The other terrible accident waiting to happen, Stephanie cautions, is commercial real estate. Eager to make up for lost residential mortgage volume, banks have been pouring dough hand over first into the commercial real-estate market, creating, naturally, a huge and swiftly inflating bubble. Such profligate lending has swollen commercial real-estate loans to 14% of all bank loans, the largest slice since data first was collected 13 years ago.

Inevitably, delinquencies are starting to rise apace with the burgeoning loans and have reached their highest level in a decade. The problem is a dead certainty to get worse, as troubles in Wall Street spill over into the commercial real estate market. Stephanie cites a report by CB Richard Ellis that 42% of commercial real estate in lower Manhattan and 28% in midtown is tied to the financial sector.

Ruminating on the frantic scurrying about in Washington to come up with some palliatives for distressed homeowners (especially those who vote) and stretched-to-the-limit lenders (especially those who chip into campaign coffers) Stephanie views the efforts with something between wonder and mild incredulity.

Contrary to the conventional wisdom and the traditional lack of any kind of wisdom in Washington, she avers, "The current credit bust is not simply a function of reckless real-estate lending -- residential and commercial. It is a function of interest rate 'resets' across the entire U.S. economy."
Consumers aren't the "only ones who haplessly heeded Greenspan's call to ARMS." Everyone, she explains, switched to borrowing short. Municipalities, for example, as we've just had unhappy reason to discover.

And so did Corporate America with a vengeance: Floating-rate paper now accounts for 54% of its overall issuance, up from 26% in 2002, and a tidy $565 billion in corporate bonds have to be rolled over this year, 34% greater than last year.

Hey smiley face, what's so funny?"
 

Thanks,

A good summary of the situation with AMBAC was posted on Naked Capitalism yesterday. It seems that the banks are not stumping up cash but rather providing a back stop to a rights issue.

 
Thought this might give people a bit of a laugh. A couple of videos relating to the sub-prime mess. Posted them on the blog as well.

The first is John Fortune & John Bird, which is very very funny, and great if you are having trouble following how this fiasco happened.

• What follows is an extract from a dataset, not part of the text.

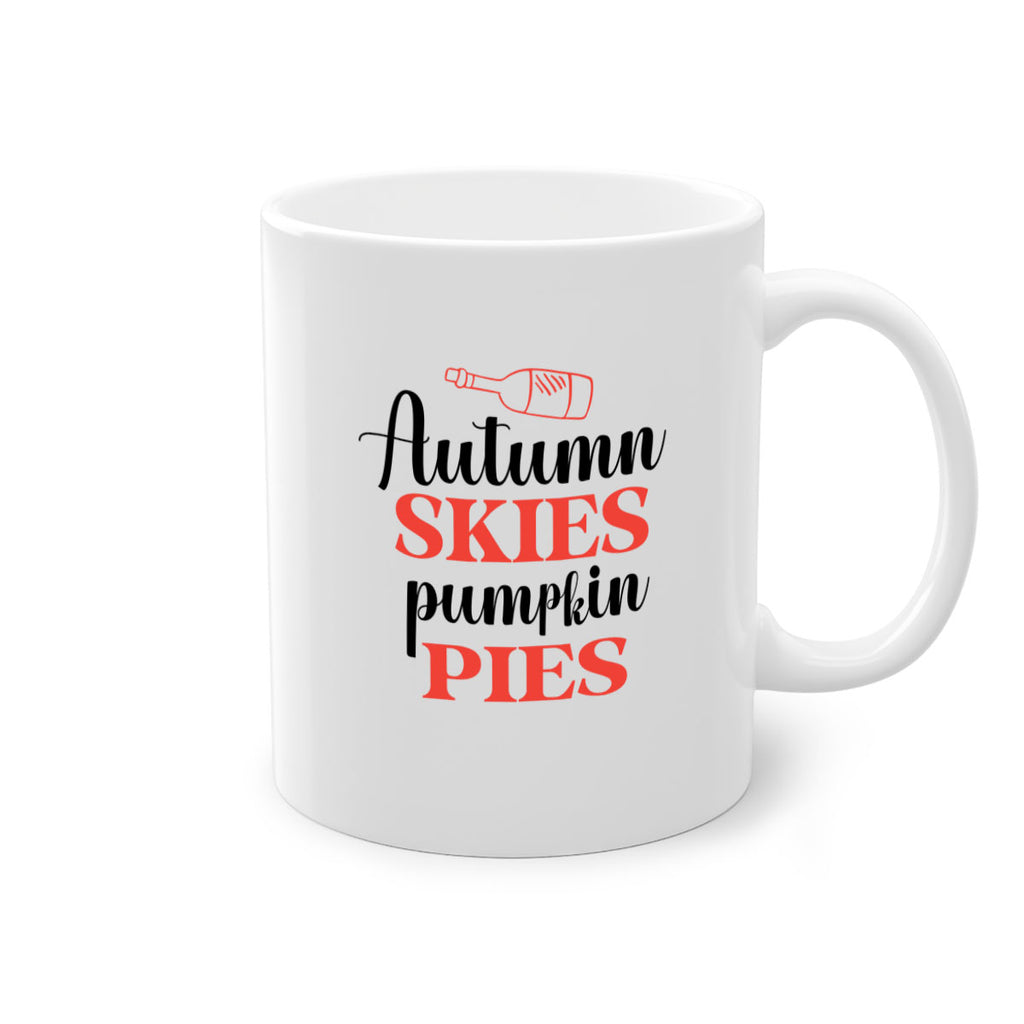 Autumn skies pumpkin pies 31#- fall-Mug / Coffee Cup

The second is a little easier to follow.


 

The Sunday Times reports that HSH Nordbank, one of Germany"s biggest financial institutions is to sue UBS, the Swiss banking giant, claiming it was mis-sold hundreds of millions of dollars worth of subprime securities. The action is expected to trigger a wave of similar lawsuits across world financial centres as institutions seek recompense for losses incurred from buying complex financial instruments that are now worth a fraction of their original price.legal experts say action against investment banks that sold these products will drag on for years, and up to 500 BLN USD will have to be written off against the value of sub-prime mortgages.
 
The action is expected to trigger a wave of similar lawsuits across world financial centres
Great, so all the losses are going to be magnified by massive legal costs.

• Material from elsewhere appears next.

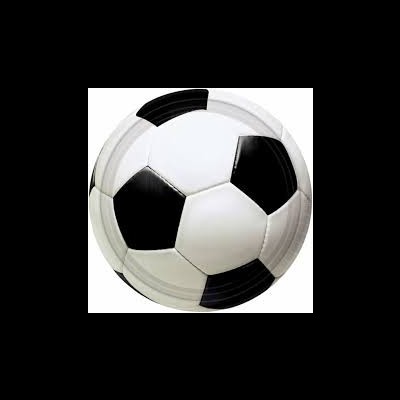 Bola de futebol branca e preta com padrão hexagonal e pentagonal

How to profit from a credit crunch: become a lawyer.

GP
 
Great, so all the losses are going to be magnified by massive legal costs.

How to profit from a credit crunch: become a lawyer.

GP

Too specific.

How to profit FROM ANY SITUATION IMAGINABLE: become a lawyer.

Now, that's more like it.....


AJ
 
Too specific.

How to profit FROM ANY SITUATION IMAGINABLE: become a lawyer.

Now, that's more like it.....


AJ

it seems a lot of them have found ways to profit from the current problems.. investment banks are "secretly" profiting from emergency ECB funding by acting as brokers to funnel billions of euros to Britain"s banks and building societies re: "much needed liquidity". On Friday, Lloyds TSB chief executive Eric Daniels confirmed that the bank had used the ECB to "fund at the best rate we can".
Cheers
..........Kauri
 
Rumours that a Goldman analyst in a report has said that large additional write downs are still possible going forrard. The report purportedly says that Citi will have $12 bln in additional write downs, Merrill $4 bln, Lehman $3.5 bln, JPM $3.4 bln, MS $3.1 bln, and BSC $1.4 bln. Good to see that they haven't mentioned themselves..

Cheers
...........Kauri
 
Maybe Merrills will fill in the blanks about Goldman Sucks.